Entscheidungsstichwort (Thema)
Gesamtergebnis des Verfahrens
Leitsatz (NV)
Das FG darf sein Urteil nicht auf Tatsachen stützen, die weder den Akten zu entnehmen noch mündlich vorgetragen worden sind.
Normenkette
FGO § 96 Abs. 1 S. 1
Tatbestand
I. Die Klägerin und Revisionsbeklagte (Klägerin) betrieb in den Jahren 1982 bis 1986 (Streitjahre) ein Geschäft. Sie hatte Umsatzsteuerrückstände von … DM (einschließlich Nebenabgaben). Außerdem bestanden Einkommensteuerrückstände von … DM (einschließlich Säumniszuschlägen) aus Steuerfestsetzungen über die Zusammenveranlagung mit ihrem Ehemann.

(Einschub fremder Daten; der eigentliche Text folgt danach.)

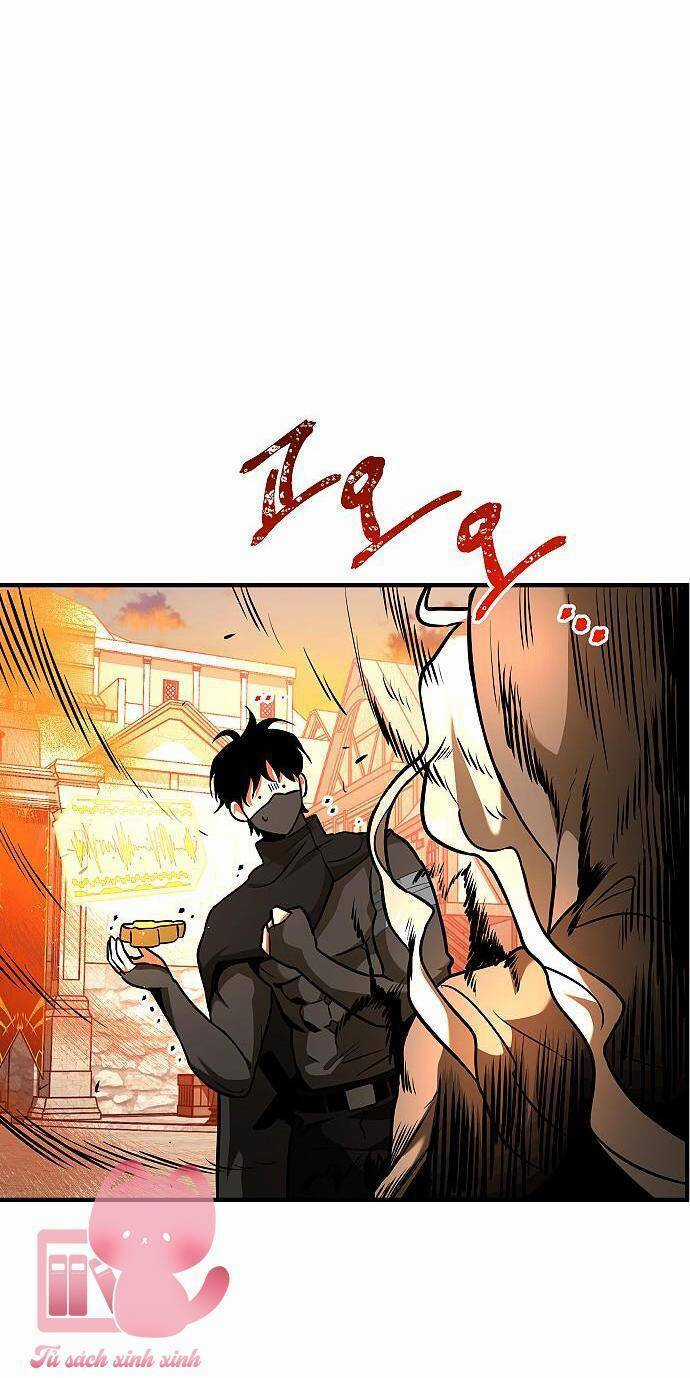 Cuộc Săn Nữ Hoàng - Chapter 5 - Trang 41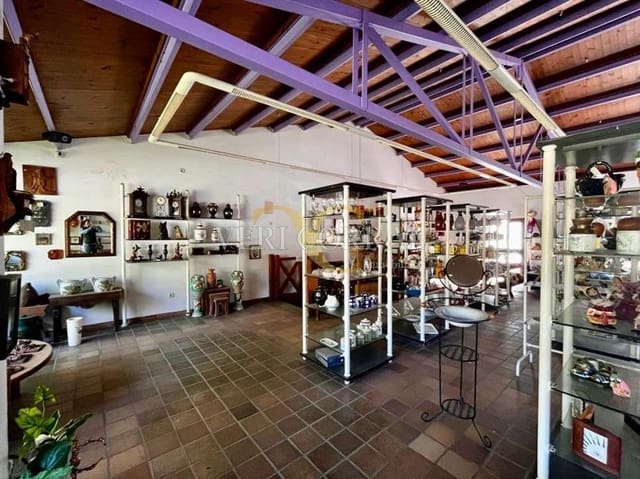 1 Zimmer Gewerbe zu verkaufen in Cangas de Onís - 350.000 € (Ref: 9443473)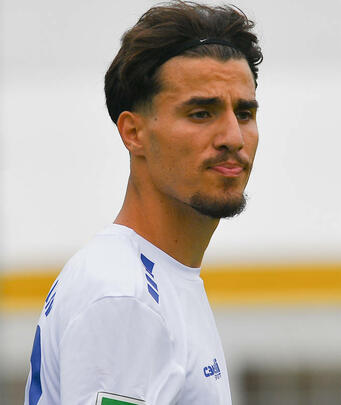 Foto von Vleron Statovci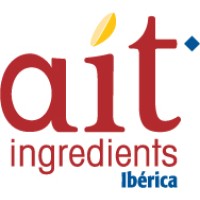 AIT Ingredients Ibérica logo, AIT Ingredients Ibérica contact details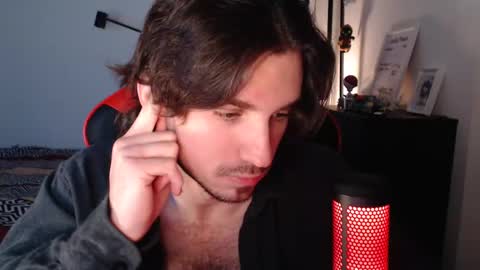 Anthony online show from 12-18-24, 06:21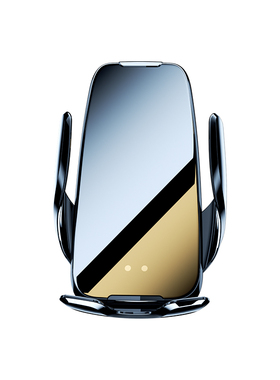 极速奥迪A4Le/A6L/A3/Q3/Q5L/A1/Q2L/Q7/Q8专用手机车载支架无线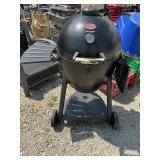 Acorn char griller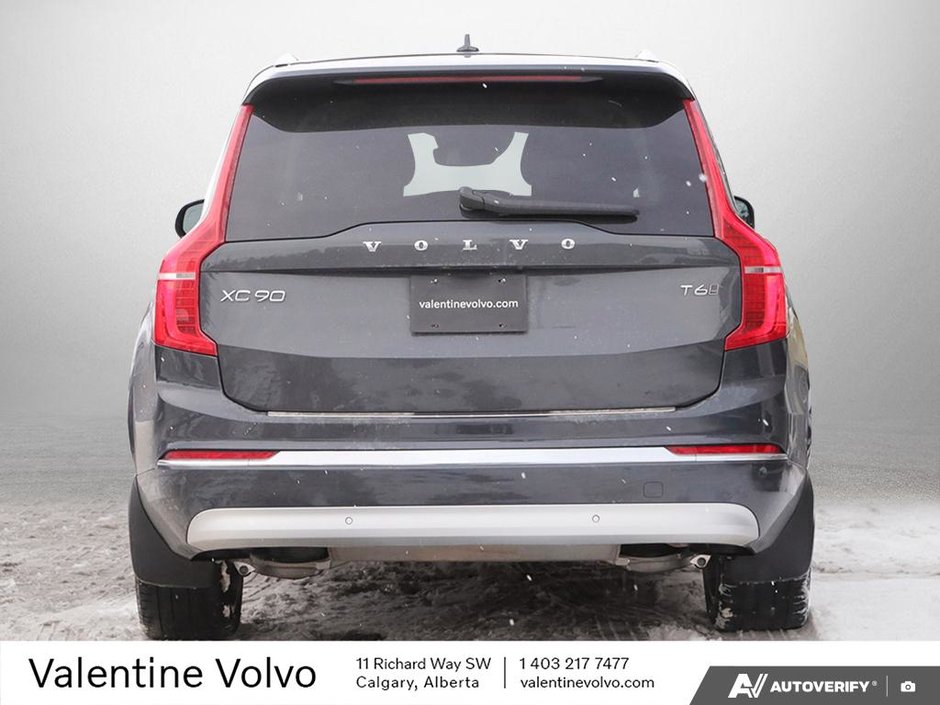 2022 Volvo XC90 Inscription-4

Am 14. November 1996 erklärte die Klägerin dem Beklagten und Revisionskläger (Finanzamt ―FA―) an Amtsstelle, sie gehe keiner Erwerbstätigkeit mehr nach, ihr Ehemann sei seit Anfang 1996 arbeitslos und es sei nicht mehr damit zu rechnen, daß die Steuerrückstände getilgt würden. Das FA stellte ihr einen Erlaß der Steuerschulden in Aussicht, wenn sie eine Zahlung von … DM leiste. Daraufhin zahlte der Steuerberater der Klägerin an das FA per Verrechnungsscheck … DM, die vereinbarungsgemäß mit … DM auf die rückständige Umsatzsteuer der Klägerin verbucht wurden. Sodann erließ das FA mit Bescheid vom 26. November 1996 die Steuerschulden.
Nachdem das FA erfahren hatte, daß die Klägerin mit ihrem Ehemann durch notariellen Kaufvertrag vom 15. November 1996 ein mit einem Wohngebäude bebautes Grundstück zum Preis von 280 000 DM gekauft hatte, widerrief es den Erlaß durch Bescheid vom 8. Januar 1997 gemäß § 130 Abs. 2 Nr. 3 der Abgabenordnung (AO 1977). Der Einspruch blieb erfolglos.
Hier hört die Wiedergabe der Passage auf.